The FDA deviated from its procedures and failed in at least four ways to protect women's health.

(1) The FDA abandoned its "gold standard" for drug approval -- requiring two randomized, blind, controlled clinical trials. Its regulations state: "Uncontrolled studies or partially controlled studies are not acceptable as the sole basis for the approval of claims of effectiveness." It settled instead for one uncontrolled American trial and a French trial which, under FDA's statistical review, revealed un embarrassd'evidence of falsification. Lab reports were missing and wrongly dated (e.g., dates of two reports changed to make it appear they were separate new reports). There were missing ultrasounds, pages missing from files, unreported surgical abortions, underreported side effects (e.g., "patient bleeding with two subsequent aspirations; convulsions reported as fainting; an expulsion that was actually a surgical evacuation").

(2) In approving RU-486, the FDA used its "fast track" regulatory authority under "Subpart H," which applies only to drugs needed to treat "serious or life-threatening illnesses" and the new drugs provide a "meaningful therapeutic benefit to patients over existing treatments." Other drugs approved under Subpart H treat AIDS, leprosy, sepsis and some cancers. Note to FDA: Pregnancy is not a disease, and RU-486 has no therapeutic benefit over existing (surgical) abortion.

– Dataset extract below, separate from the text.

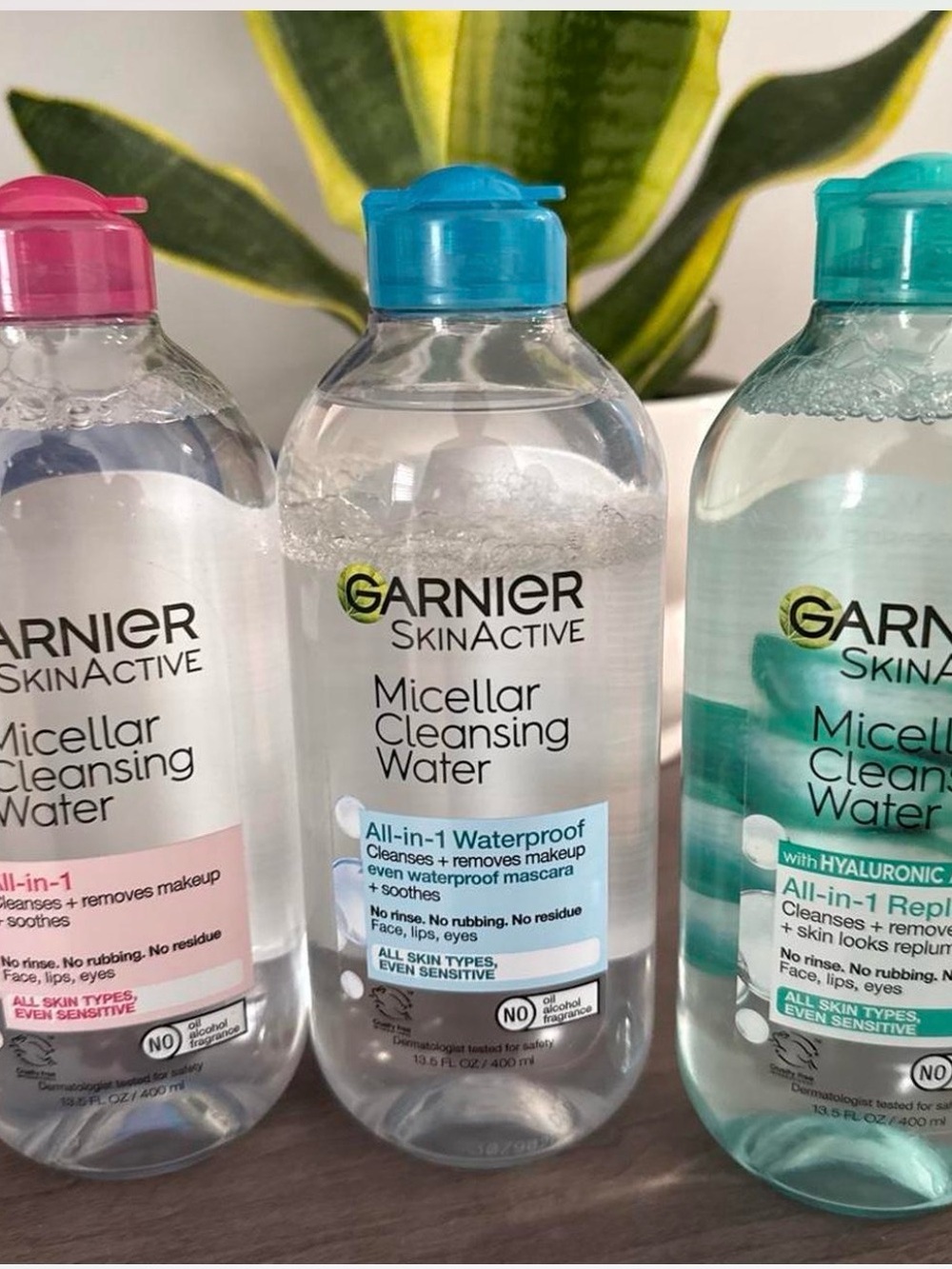Garnier Micellar Cleansing Water Trio with Blue, Pink, and Teal Caps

(3) Taken alone, RU-486 is dangerously ineffective. A second drug, misoprostol ("Cytotec"), is needed to induce contractions to expel the dead embryo, but Cytotec's manufacturer repeatedly warned against its use in abortion. Immediately after the patent expired, the FDA took the astonishing step of approving the new use for misoprostol with RU-486, without any drug application having been filed.

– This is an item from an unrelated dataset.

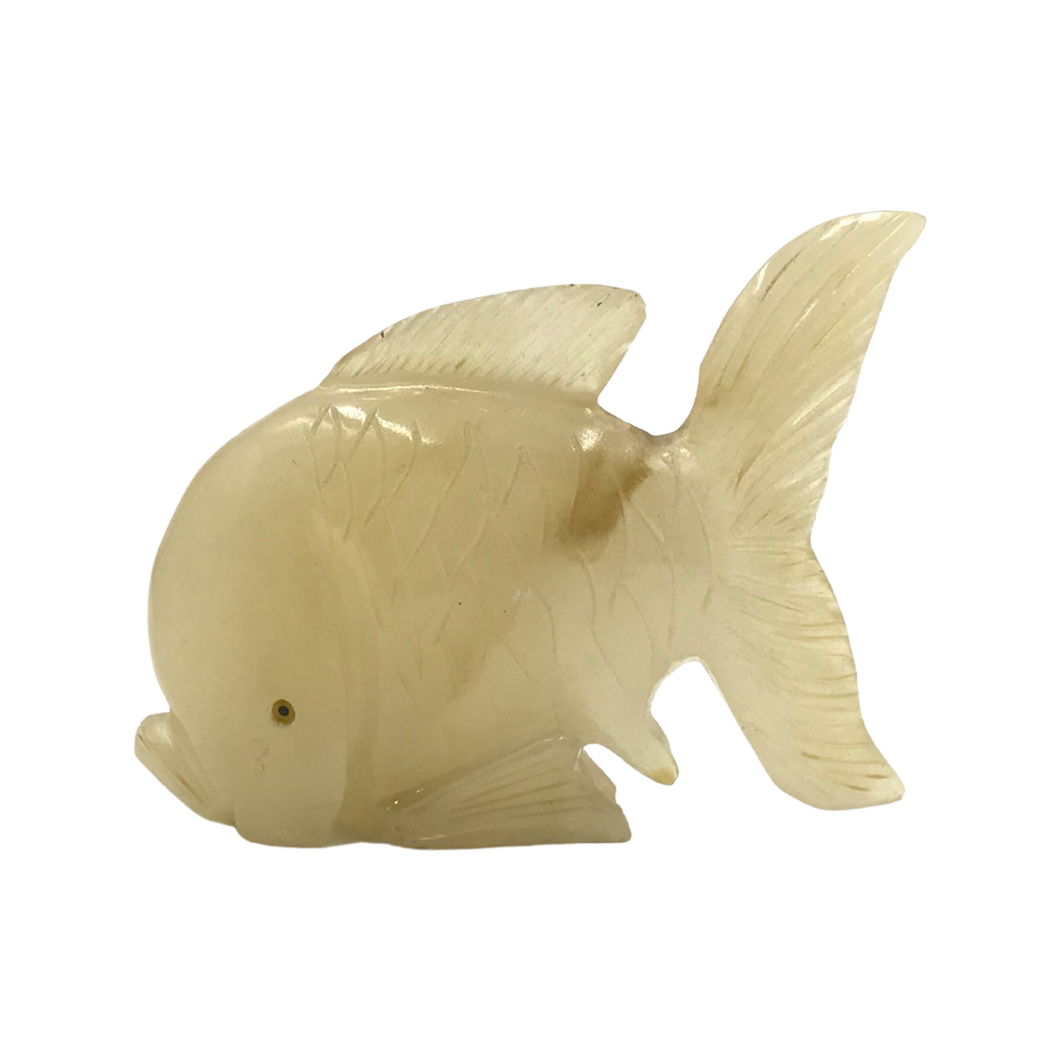 Yellow Jade Fish Figurine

(4) The FDA prescribed regimen for using RU-486/misoprostol lacked safeguards present in clinical trials, e.g. by not requiring ultrasonography to rule out ectopic pregnancy and pinpoint gestational age. With longer gestation, effectiveness plummets and adverse events increase dramatically. RU-486 fails to terminate ectopic pregnancies; by masking their symptoms, physicians can overlook this life-threatening condition.

FDA reluctance to suspend the drug temporarily is puzzling. Doctors involved in the U.S. drug trials of RU-486 may provide the answer. Dr. Carolyn Westhoff stated: "One of my real, and I think realistic, hopes for this method is that it will help get abortion back into the medical mainstream and out of this ghettoized place it's been in" (M. Talbot, "The Little White Bombshell," New York Times Magazine, July 11, 1999).

Dr. Eric Schaff, objecting to an early FDA proposal requiring doctors dispensing RU-486 to be trained in surgical abortion, explained: "The whole idea of [RU-486] was to increase access. ... [The FDA proposal] kills the drug if it can't be used by primary care providers" (I. Stolberg, the New York Times on-line edition, June 8, 2000). Rather than killing "the drug," the FDA's flawed approval and subsequent inaction is killing children and their mothers. Congress must put a stop to this.

SUSAN E. WILLS

Associate director for education at the U.S. Conference of Catholic Bishops Secretariat for Pro-Life Activities.